▶ **What you need to do**
Look below for the line with "Horror Characters Spooky"; begin the copy there and stop after the line with "LAFESTIN Split Leather", keeping the text exact and the pictures out.
Provided information Block Start
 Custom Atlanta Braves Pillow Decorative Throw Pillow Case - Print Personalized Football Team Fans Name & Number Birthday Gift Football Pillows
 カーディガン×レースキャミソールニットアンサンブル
Provided information Block End
Provided information Block Start
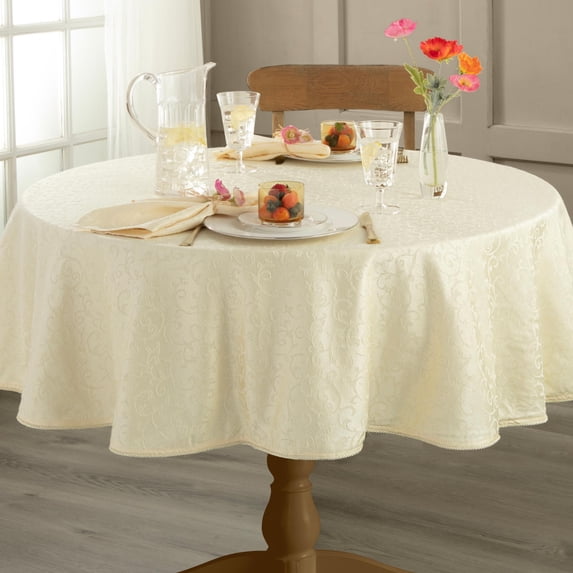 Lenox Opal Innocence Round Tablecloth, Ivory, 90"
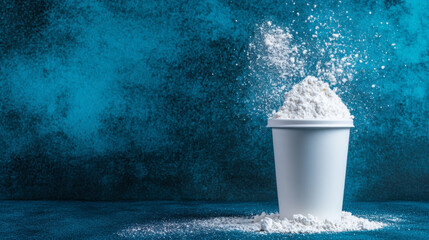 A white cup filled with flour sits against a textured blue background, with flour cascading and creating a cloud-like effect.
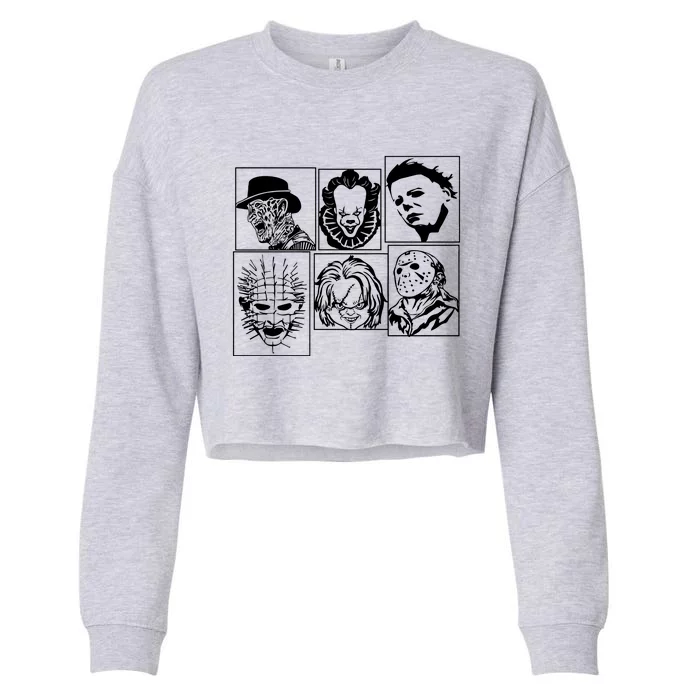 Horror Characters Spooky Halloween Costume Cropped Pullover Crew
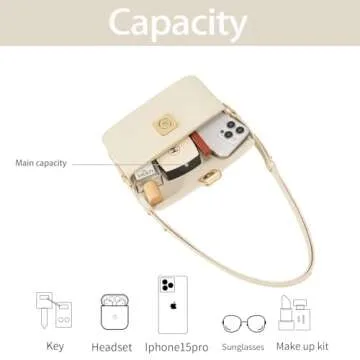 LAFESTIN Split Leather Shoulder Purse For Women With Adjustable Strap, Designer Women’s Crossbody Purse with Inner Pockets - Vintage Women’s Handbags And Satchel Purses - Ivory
Provided information Block End
Provided information Block Start
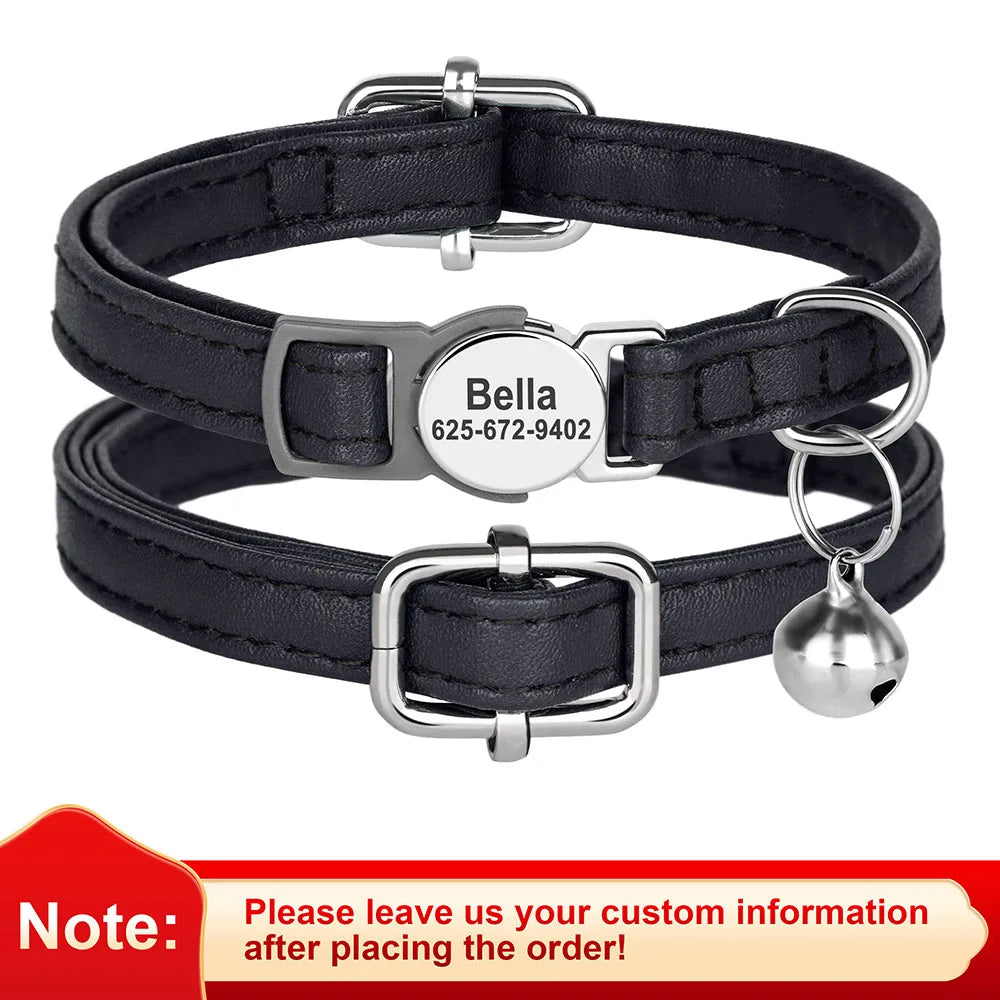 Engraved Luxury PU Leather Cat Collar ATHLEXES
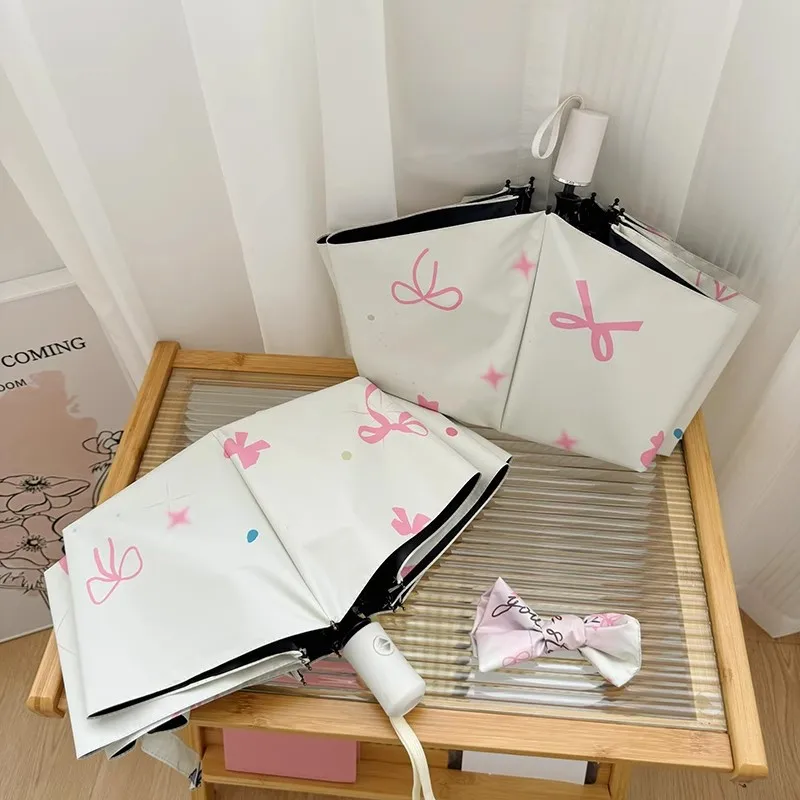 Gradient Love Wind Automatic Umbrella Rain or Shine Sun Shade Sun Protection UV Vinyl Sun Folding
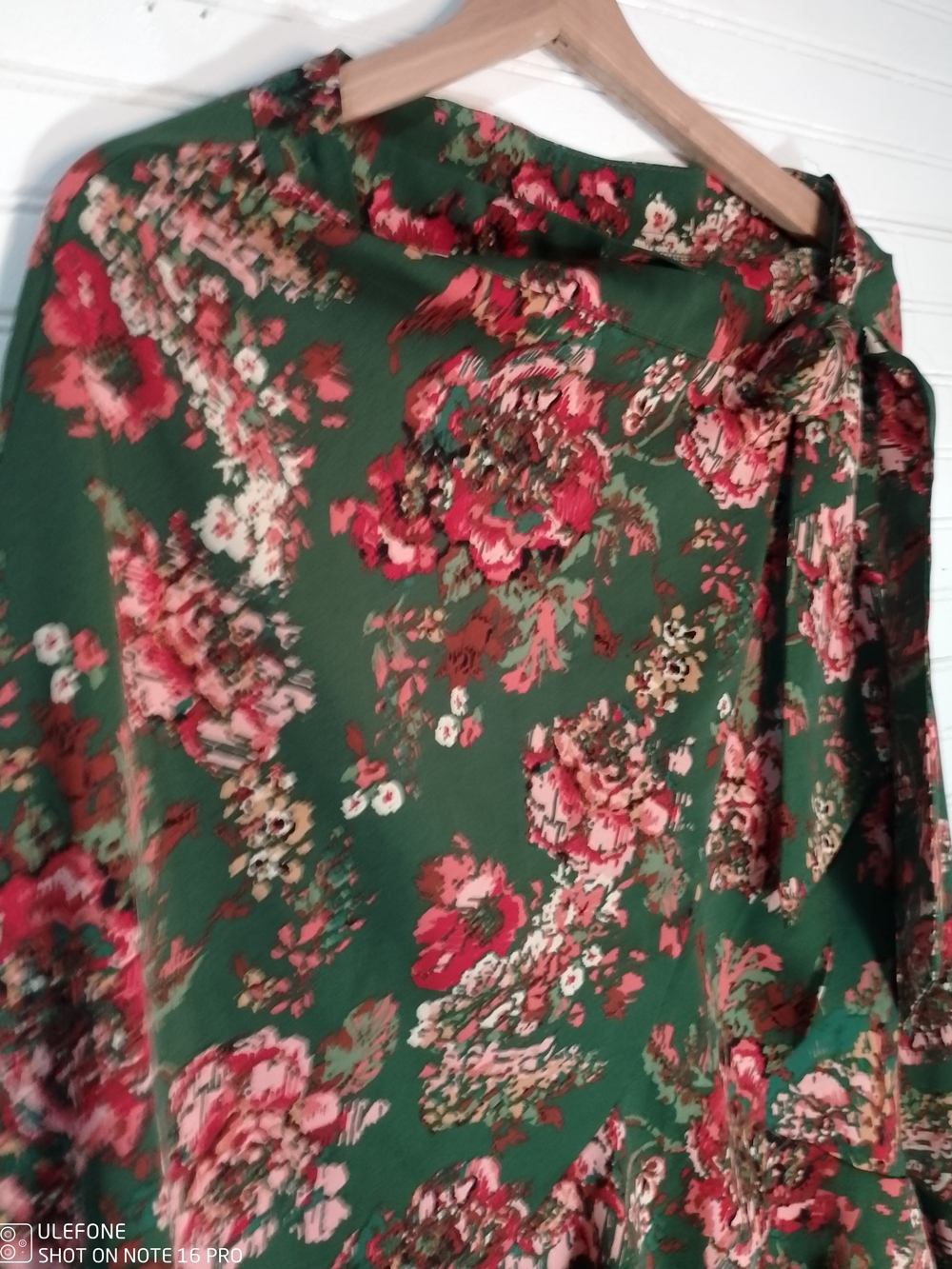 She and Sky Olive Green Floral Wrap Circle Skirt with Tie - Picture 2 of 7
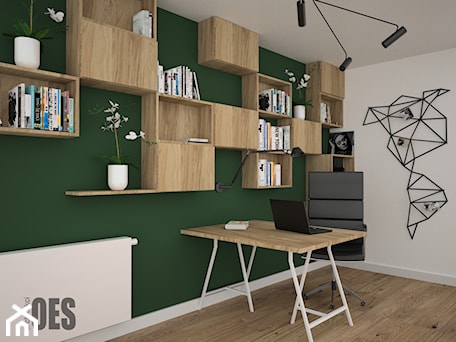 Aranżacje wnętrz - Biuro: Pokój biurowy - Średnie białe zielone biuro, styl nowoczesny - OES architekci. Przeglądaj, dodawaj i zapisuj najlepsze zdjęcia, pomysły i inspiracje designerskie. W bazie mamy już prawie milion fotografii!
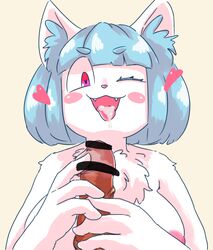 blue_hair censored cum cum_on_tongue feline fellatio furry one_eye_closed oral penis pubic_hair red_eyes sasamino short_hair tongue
Provided information Block End
▶ **Exercise answer**
 Horror Characters Spooky Halloween Costume Cropped Pullover Crew
 LAFESTIN Split Leather Shoulder Purse For Women With Adjustable Strap, Designer Women’s Crossbody Purse with Inner Pockets - Vintage Women’s Handbags And Satchel Purses - Ivory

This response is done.